=== Dataset section ===

Start of Block

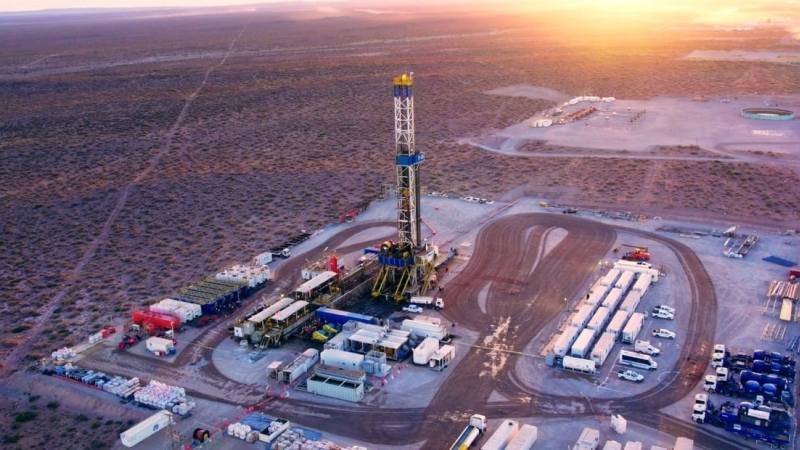 Vista compró los activos en la Argentina de Petronas y se convierte en la mayor petrolera privada del país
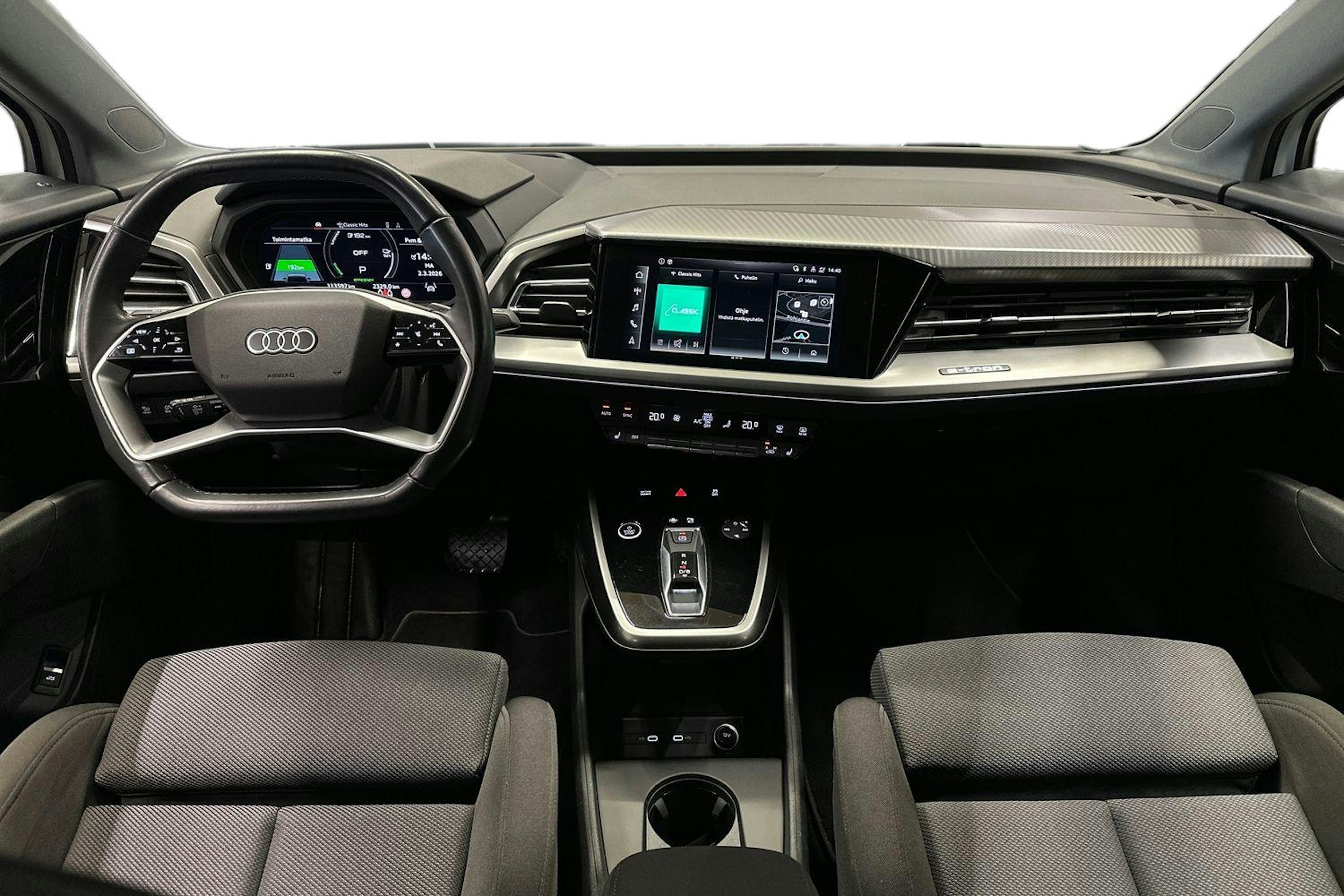 valkoinen Audi Q4 e-tron 2021 kuva 7.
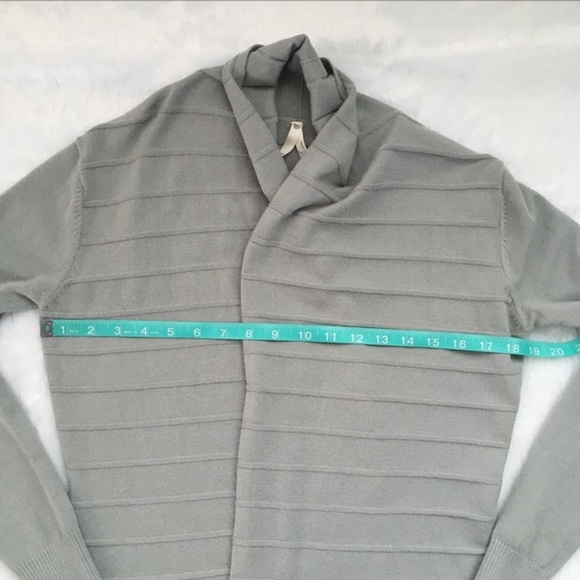 Like New ModCloth Teaberry and Weave Open Front Cardigan, size small - Picture 2 of 6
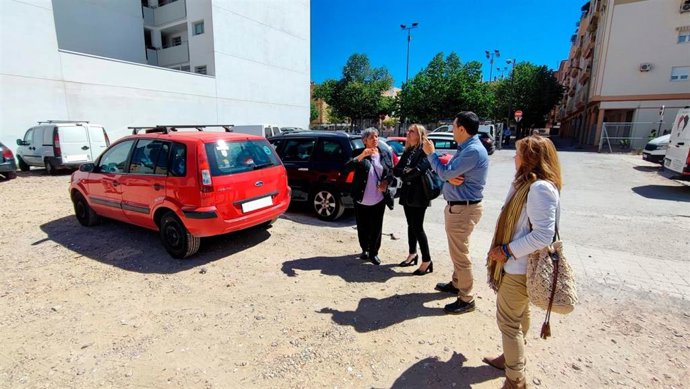 La candidata del PP a la Alcaldía de Granada, Marifrán Carazo, en su visita a Santa Adela.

End of Block

=== Assigned task ===
Reproduce the whole listing verbatim. Pictures stay out of the copy.

=== Reply to the exercise ===
 Vista compró los activos en la Argentina de Petronas y se convierte en la mayor petrolera privada del país
 valkoinen Audi Q4 e-tron 2021 kuva 7.
 Like New ModCloth Teaberry and Weave Open Front Cardigan, size small - Picture 2 of 6
 La candidata del PP a la Alcaldía de Granada, Marifrán Carazo, en su visita a Santa Adela.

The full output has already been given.